Molecular and Cellular Mechanisms of Vascular Anomalies

血管异常的分子和细胞机制

• 批准号: 7101060
• 负责人: BJORN REINO OLSEN
• 金额: $ 117.77万
• 依托单位: HARVARD MEDICAL SCHOOL
• 依托单位国家: 美国
• 财政年份: 2003
• 资助国家: 美国
• 起止时间: 2003-09-15 至 2008-03-31
• 项目状态: 已结题
• 来源: https://reporter.nih.gov/project-details/7101060
• 关键词: angiogenesis; cell proliferation; clinical research; congenital disorders; gene mutation; hemangioma; phenotype

DESCRIPTION (provided by applicant): This Program Project, entitled '"Molecular and Cellular Mechanisms of Vascular Anomalies," represents the concerted and collaborative efforts of three research groups, two in Boston and one in Brussels, Belgium, to elucidate the causes and abnormal mechanisms that are responsible for vascular anomalies in the skin. Commonly called birthmarks, these anomalies include infantile hemangioma, a vascular tumor found in 5-10% of Caucasian children at 1 year of age, and vascular malformations. Hemangiomas usually appear a few days after birth, grow rapidly for a few weeks to months, and then slowly regress over a 5-10 year period. In most cases, no treatment is needed, but sometimes vital, structures can be obstructed or distorted causing serious problems. In contrast to hemangiomas, malformations do not regress, but grow with the child, and can become life-threatening. The investigators have recently found that hemangiomas contain clonal expansions of abnormal endothelial cells, and they have discovered two types of mutations that cause localized abnormalities in the skin of patients with venous malformations and glomuvenous malformations. In three research Projects, supported by three Cores, the Program investigators propose to examine and test the hypotheses that hemangiomas result from somatic mutations in genes that control endothelial cell proliferation and/or maturation from precursor cells, causing rapid growth of abnormal capillaries. In addition to identifying such genes and mutations, it is also proposed to identify genes responsible for rare cases of inherited hemangiomas and to establish mouse models allowing further studies of detailed pathological mechanisms. Finally, they now propose to generate mouse models for venous and glomuvenous malformations, characterize the cellular and molecular consequences of the causative mutations, and search for mutations in additional families. The proposed studies should lead to a better understanding of the pathogenesis of hemangiomas and malformations and therefore a basis for development of effective therapies. In addition, a better understanding of the causes and mechanisms of vascular anomalies will provide novel insights into blood vessel formation and growth. This will add significantly to the efforts to develop novel antiangiogenic therapies for cancer, diabetic retinopathy, and rheumatoid arthritis.

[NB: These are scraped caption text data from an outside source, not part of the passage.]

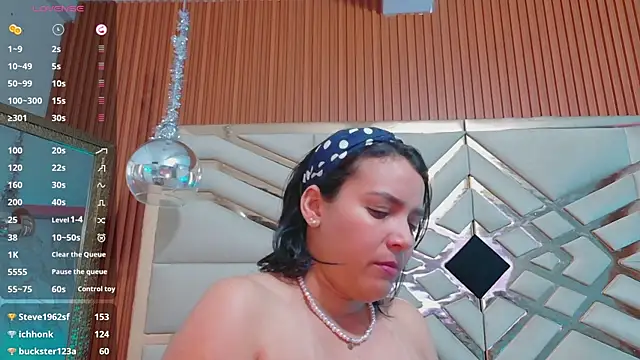 Sluttyandmature live cam on StripChat
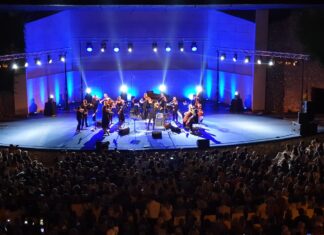 Zvuci violine i aplauzi nišlija oterali kišu sa letnje pozornice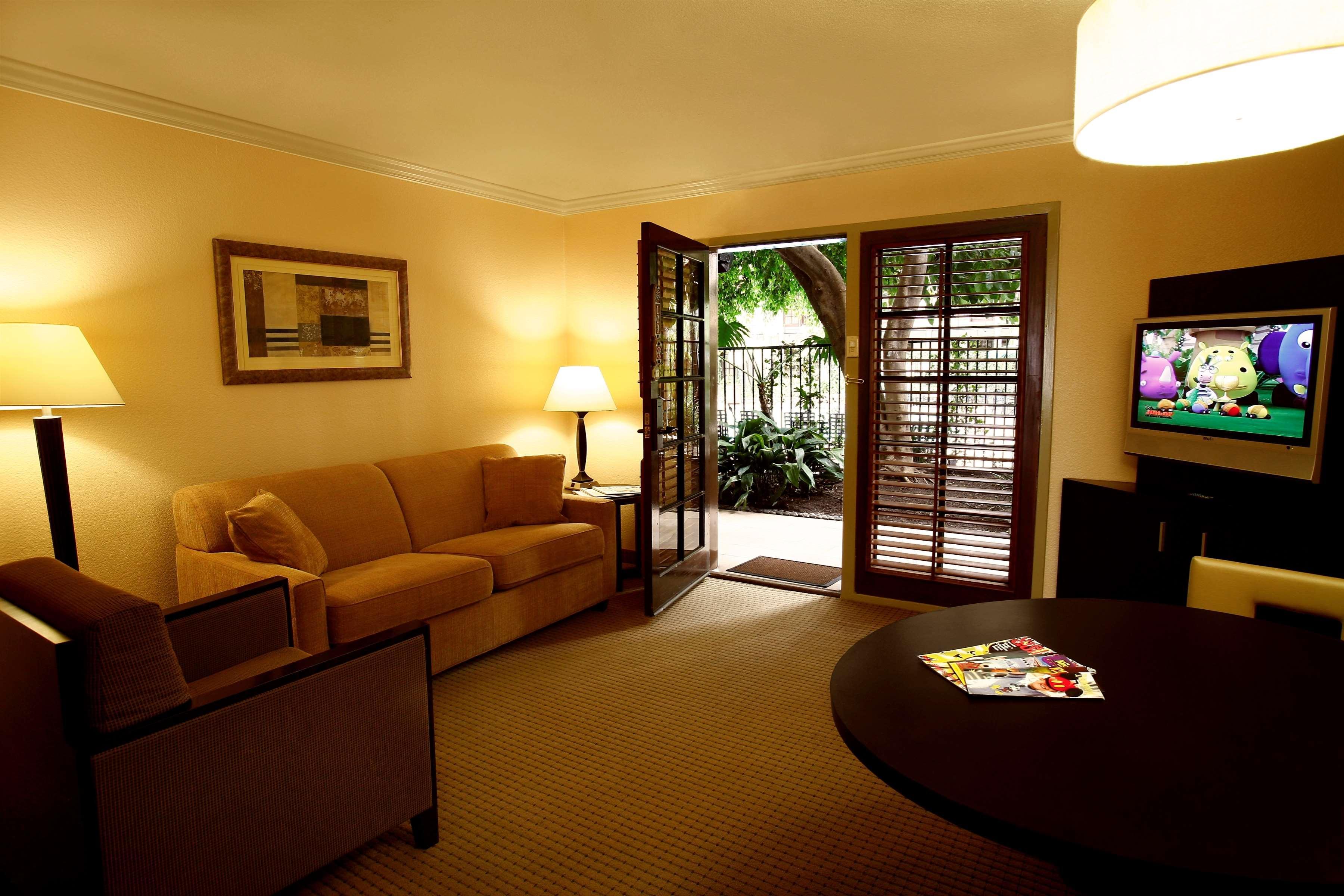 Buena Park Grand Hotel & Suites Exterior foto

描述（由申请人提供）：该项目名为“血管异常的分子和细胞机制”，代表了三个研究小组（两个在波士顿，一个在比利时布鲁塞尔）的协调和合作努力，以阐明皮肤血管异常的原因和异常机制。这些异常通常被称为胎记，包括婴儿血管瘤，一种在1岁时在5-10%的高加索儿童中发现的血管肿瘤，以及血管畸形。血管瘤通常在出生后几天出现，快速生长几周到几个月，然后在5-10年内缓慢消退。在大多数情况下，不需要治疗，但有时至关重要，结构可能会受到阻碍或扭曲，造成严重问题。与血管瘤相反，畸形不会消退，而是与孩子一起生长，并可能危及生命。 研究人员最近发现，血管瘤含有异常内皮细胞的克隆性扩增，他们发现了两种类型的突变，导致静脉畸形和球静脉畸形患者皮肤局部异常。在三个研究项目中，由三个核心支持，计划研究人员提出检查和测试假设，即血管瘤是由控制内皮细胞增殖和/或前体细胞成熟的基因的体细胞突变引起的，导致异常毛细血管的快速生长。除了鉴定这些基因和突变之外，还提出鉴定负责罕见遗传性血管瘤病例的基因，并建立小鼠模型，以进一步研究详细的病理机制。最后，他们现在建议生成静脉和球静脉畸形的小鼠模型，表征致病突变的细胞和分子后果，并在其他家族中寻找突变。 拟议的研究应导致更好地了解血管瘤和畸形的发病机制，从而为开发有效的治疗方法奠定基础。此外，更好的 了解血管异常的原因和机制将为血管的形成和生长提供新的见解。这将大大增加开发新的抗血管生成疗法治疗癌症，糖尿病视网膜病变和类风湿性关节炎的努力。